§ Activity
Could you print the listing again exactly, omitting the pictures?

§ Materials provided

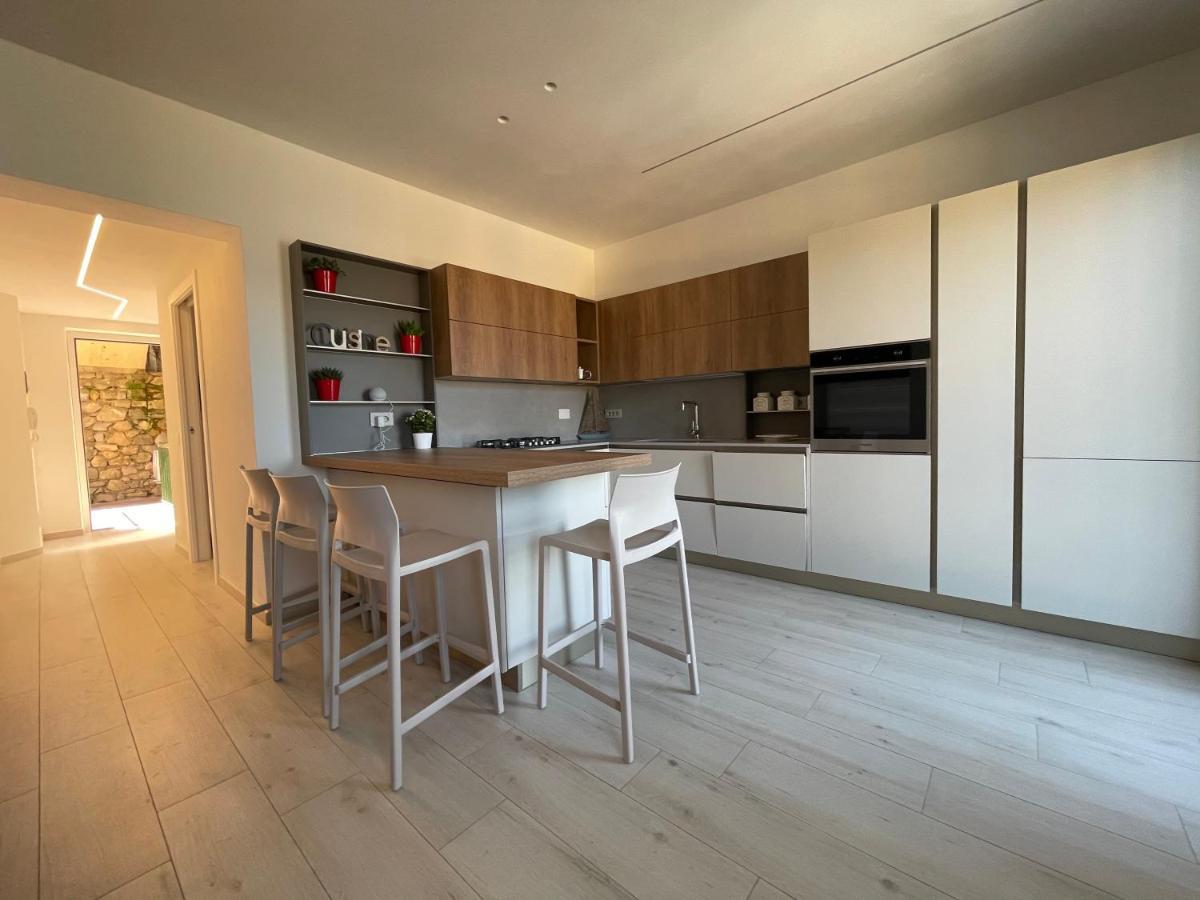 דירות פורטו ונרה Casa Irene Terrazza Vista Mare E Garage מראה חיצוני תמונה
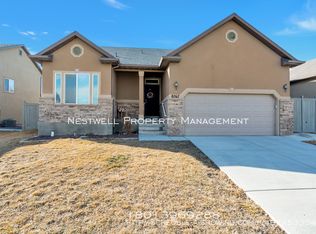 8767 N Jefferson Dr, Eagle Mountain, UT 84005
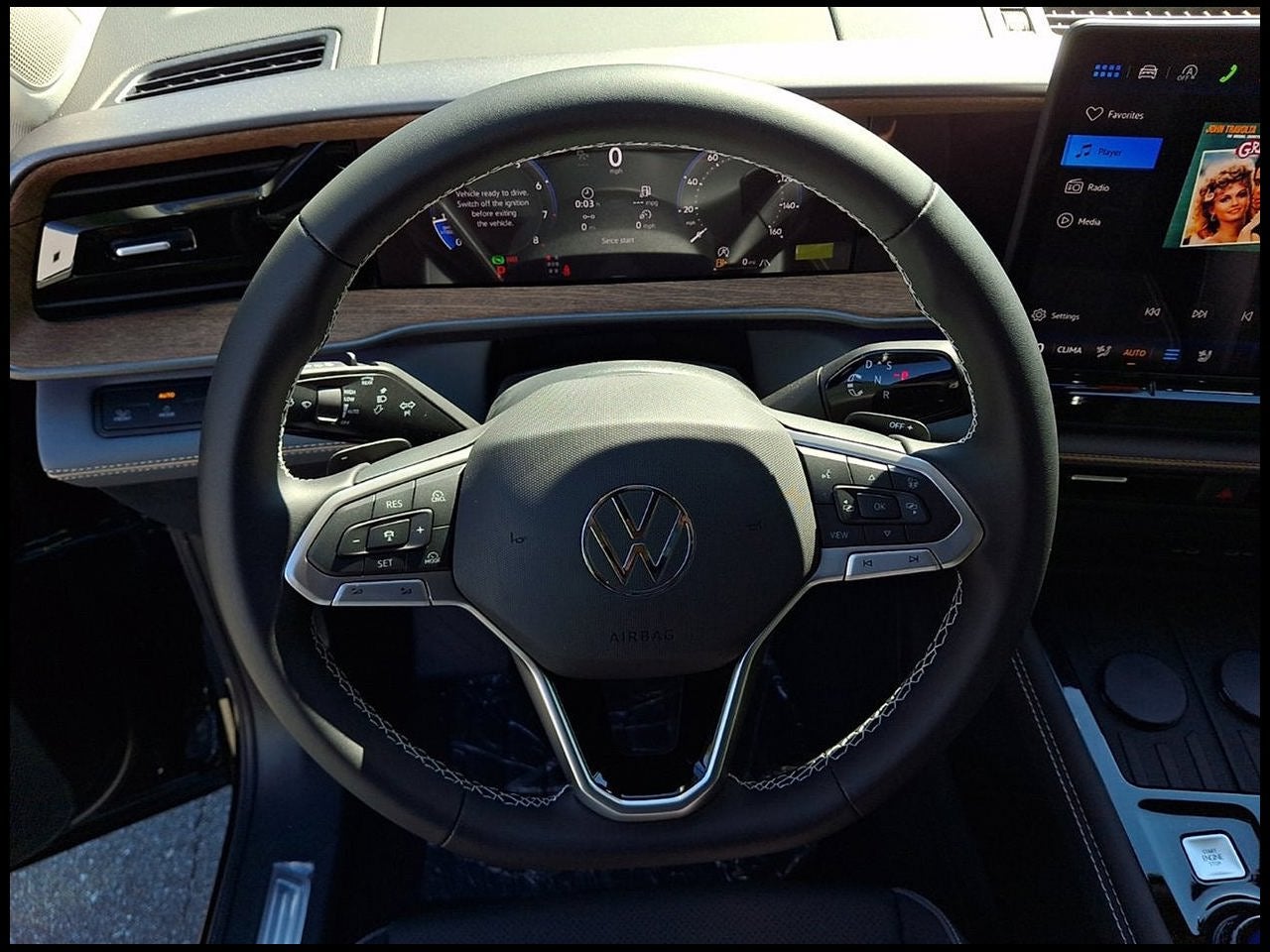 2027 Volkswagen Atlas SE w/Technology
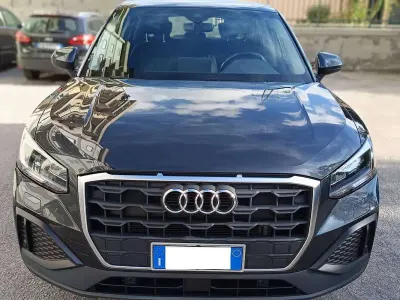 Usata Audi Q2 Admired 116 CV (85 kW) 2022 Grigio SUV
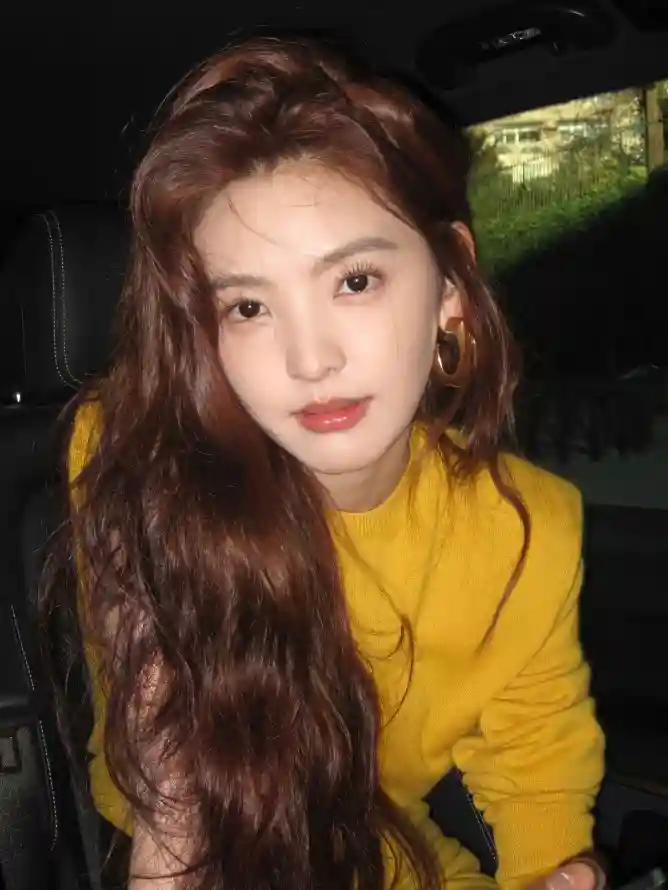4k美女壁纸 - 章若楠 - 车内场景 - 长发美女「哲风壁纸」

§ The answer
 דירות פורטו ונרה Casa Irene Terrazza Vista Mare E Garage מראה חיצוני תמונה
 8767 N Jefferson Dr, Eagle Mountain, UT 84005
 2027 Volkswagen Atlas SE w/Technology
 Usata Audi Q2 Admired 116 CV (85 kW) 2022 Grigio SUV
4k美女壁纸 - 章若楠 - 车内场景 - 长发美女「哲风壁纸」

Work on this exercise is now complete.